According to Jalan, the two pillars of the old economic policy were protection and public sector. Both turned out to be made of clay, with domestic protection yielding a growth rate less than half of China or East Asia and public ownership instead of boosting investments pushing government budgets close to insolvency. Besides, the country scored poorly on the human development aspects: poverty, education, health. The lesson to be learnt from history then is that there may simply be no contradiction between the rate of growth of the economy and poverty reduction. The reconciliation between raising growth rate and helping the poorest of the poor can come through fiscal empowerment of the government. Jalan prescribes a two-fold strategy: a targeted growth of 7 to 8 per cent that will fetch revenues, and less reliance on debt.

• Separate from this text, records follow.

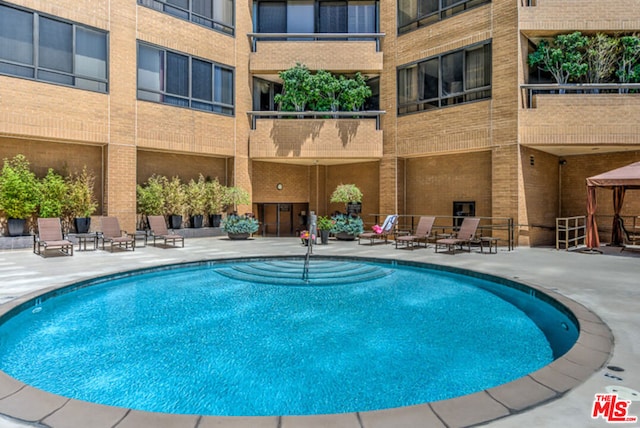 view of pool featuring a gazebo and a patio area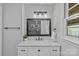 Stylish bathroom featuring a marble countertop vanity, decorative mirror and modern lighting at 1614 Fieldbrook Rd, Rock Hill, SC 29732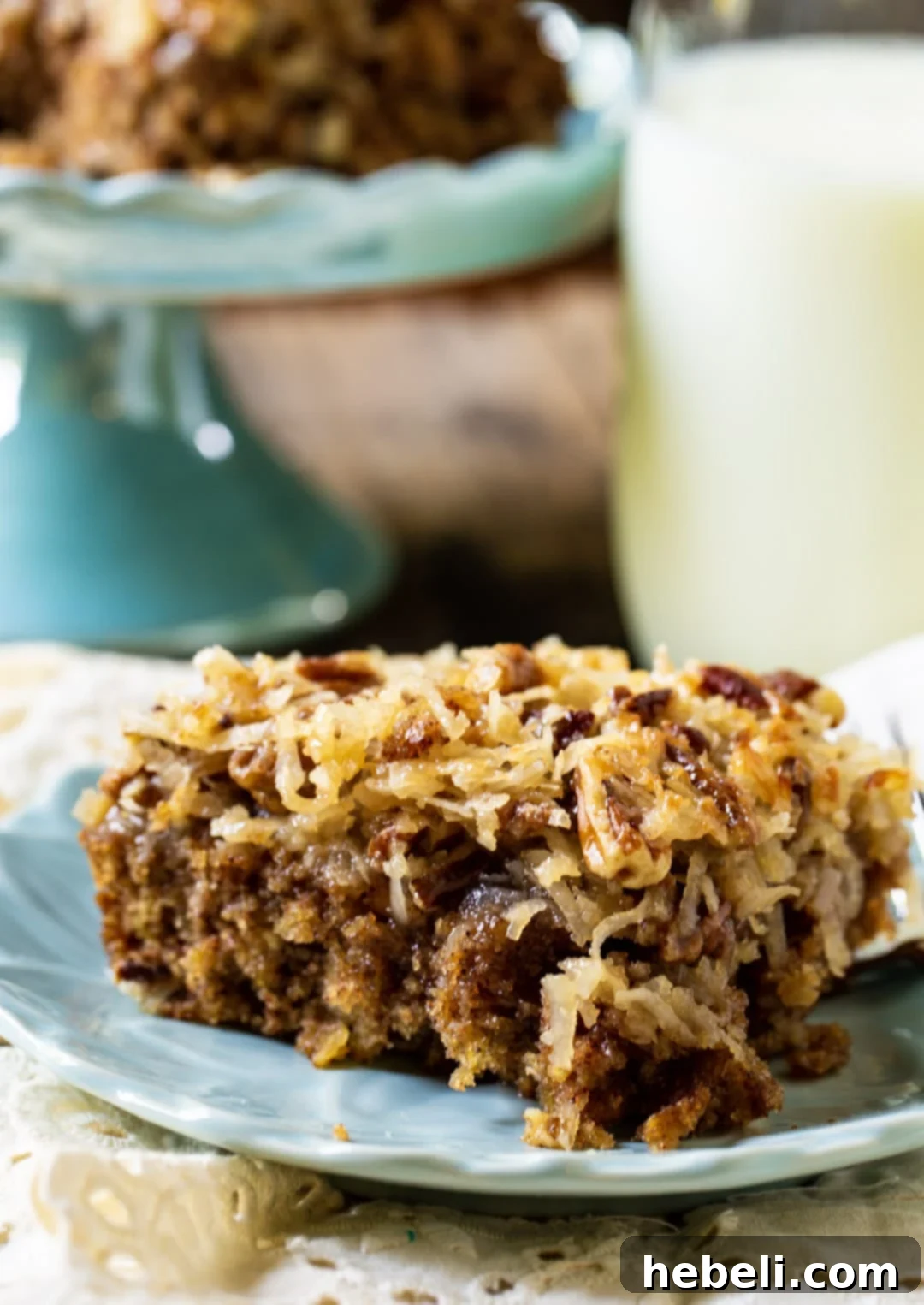 Grandma's Oatmeal Cake 3 A close-up of a slice of Old-Fashioned Oatmeal Cake on a blue ceramic plate, showing its moist texture and rich icing.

For the latter, Jalan prescribes a mandatory constitutional limit on the government's capacity to borrow both from the market and the RBI, considering the unbridled tendency to spend and subsidise everything in the country's multiparty political dispensation. This is an issue which was also raised some months ago by the man he replaces at the central bank: Chakravarthy Rangarajan.

Friends believe that Jalan has the strong independent streak that characterises the best central bankers. "The most serious challenge before him is to turn RBI from the government's errand boy into an independent monetary institution. He has strong political support from Janata Dal stalwart V.P. Singh and is senior to the finance secretary which puts him in a very strong position vis-a-vis the finance ministry," says Desai. Of course, the RBI can do little without the commitment on the fiscal side which seems to be sadly lacking, but people who know Jalan lay great store by his ability to converge diverse opinions into a consensus. "He has an extraordinary knack for riding through the storm unscathed," says Madhu Dandavate with whom Jalan worked as secretary when the former was finance minister, and then at the Planning Commission. Dandavate recalls the Gulf War crisis when oil prices hit the roof—from $16 a barrel to $45 which necessitated the hard decision to levy a Gulf surcharge. Jalan convinced him to take opposition parties into confidence and go on TV to apprise people of the rationale of the levy. The next day every newspaper in the country termed the surcharge as unavoidable and inevitable.

Naturally, expectations are running high. One indication why: as he winds up business at the Planning Commission office in Delhi before moving to Mumbai, staffers and colleagues can't stop talking of how down-to-earth and persuasive he is without ever being offensive or aggressive in tone and how decisive and diplomatic. If these qualities can't swing it for the RBI governor, nothing can.